The Company maintains its ACL at a level that management believes to be appropriate to absorb expected credit losses as of the date of the Consolidated Statement of Financial Condition. The Company established its allowance in accordance with the guidance included in Accounting Standards Codification 326, Financial Instruments - Credit Losses ("ASC 326"). The ACL is a valuation reserve established and maintained by charges against income. Loans, or portions thereof, are charged-off against the ACL when they are deemed uncollectible. The ACL is an estimate of expected credit losses that considers our historical loss experience, the weighted average expected lives of loans, current economic conditions and forecasts of future economic conditions. The determination of an appropriate ACL is inherently subjective and may have significant changes from period to period. The methodology for determining the ACL has two main components: evaluation of expected credit losses for certain groups of homogeneous loans that share similar risk characteristics and evaluation of loans that do not share risk characteristics with other loans. The ACL is measured on a collective (pool) basis when similar characteristics exist. The Company's loan portfolio is segmented by loan types that have similar risk characteristics and behave similarly during economic cycles.

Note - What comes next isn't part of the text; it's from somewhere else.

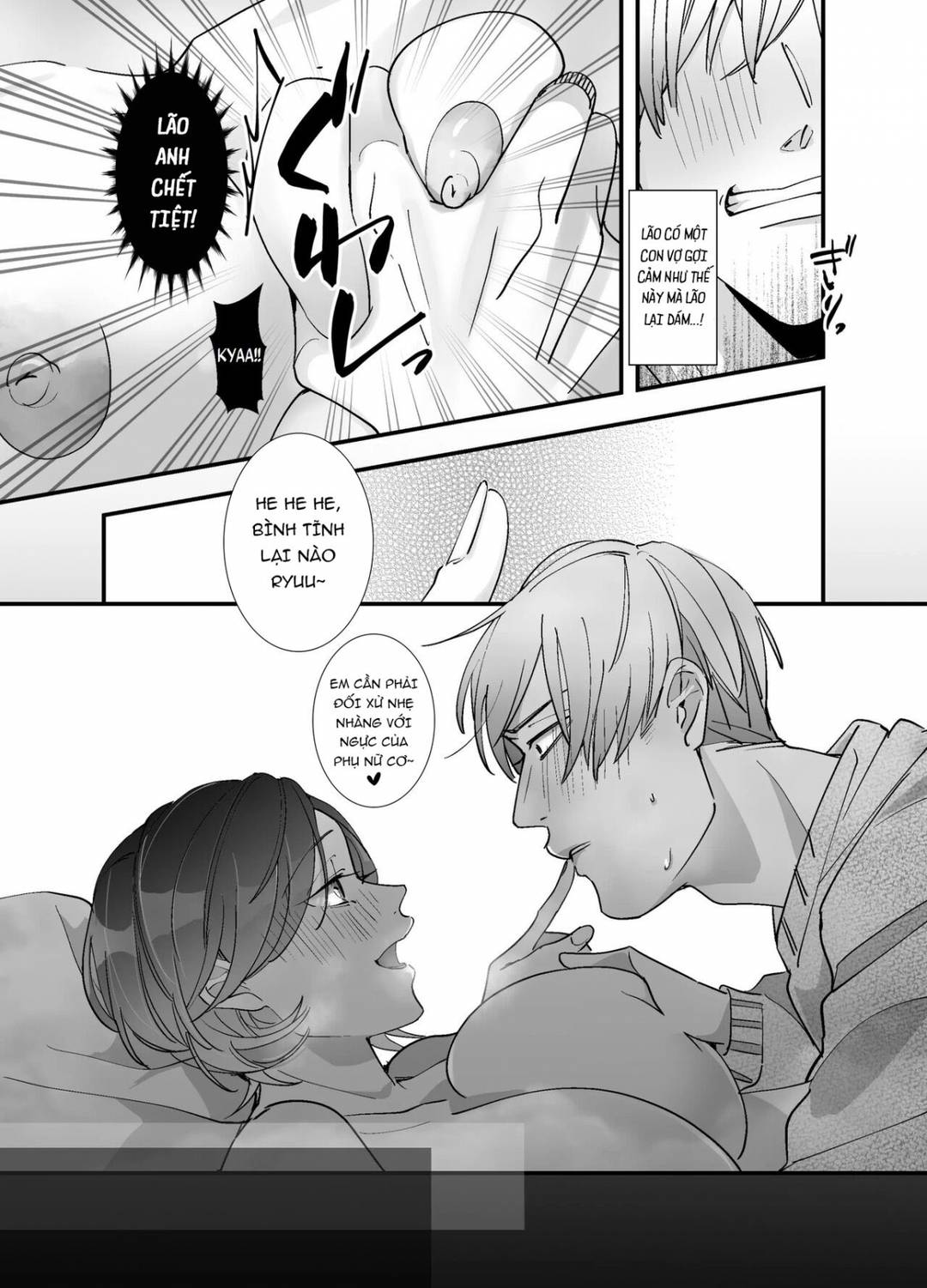 Trang 20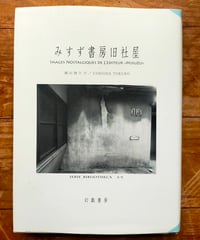みすず書房旧社屋　潮田登久子　幻戯書房　2016年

Historical credit loss experience is the basis for the estimate of expected credit losses. We apply our historical loss rates to pools of loans with similar risk characteristics using the Weighted-Average Remaining Maturity ("WARM") method. The remaining contractual life of the pools of loans with similar risk characteristics is adjusted by expected scheduled payments and prepayments. After consideration of the historical loss calculation, management applies qualitative adjustments to reflect the current conditions and reasonable and supportable forecasts not already reflected in the historical loss information. Our reasonable and supportable forecast adjustment is based on a regional economic indicator obtained from the United States Government Publishing Office. The Company selected eight qualitative metrics which were correlated with the Bank and its peer group's historical loss patterns. The eight qualitative metrics include: changes in lending policies and procedures, changes in national and local economic conditions as well as business conditions, changes in the nature, complexity, and volume of the portfolio, changes in the experience, ability, and depth of lenders and lending management, changes in the volume and severity of past due and classified loans, changes in the value of collateral securing loans, changes in or the existence of credit concentrations, and changes in the legal and/or regulatory landscape. The adjustments are weighted for relevance before applying to each pool of loans. Each quarter, management reviews the recommended adjustment factors and applies any additional adjustments based on current conditions.

8

The Company has elected to exclude $4.5 million of accrued interest receivable on loans as of June 30, 2024 from the measurement of its ACL. When a loan is placed on non-accrual status, any outstanding accrued interest is reversed against interest income. Accrued interest on loans is reported in the accrued interest receivable line on the consolidated statements of financial condition.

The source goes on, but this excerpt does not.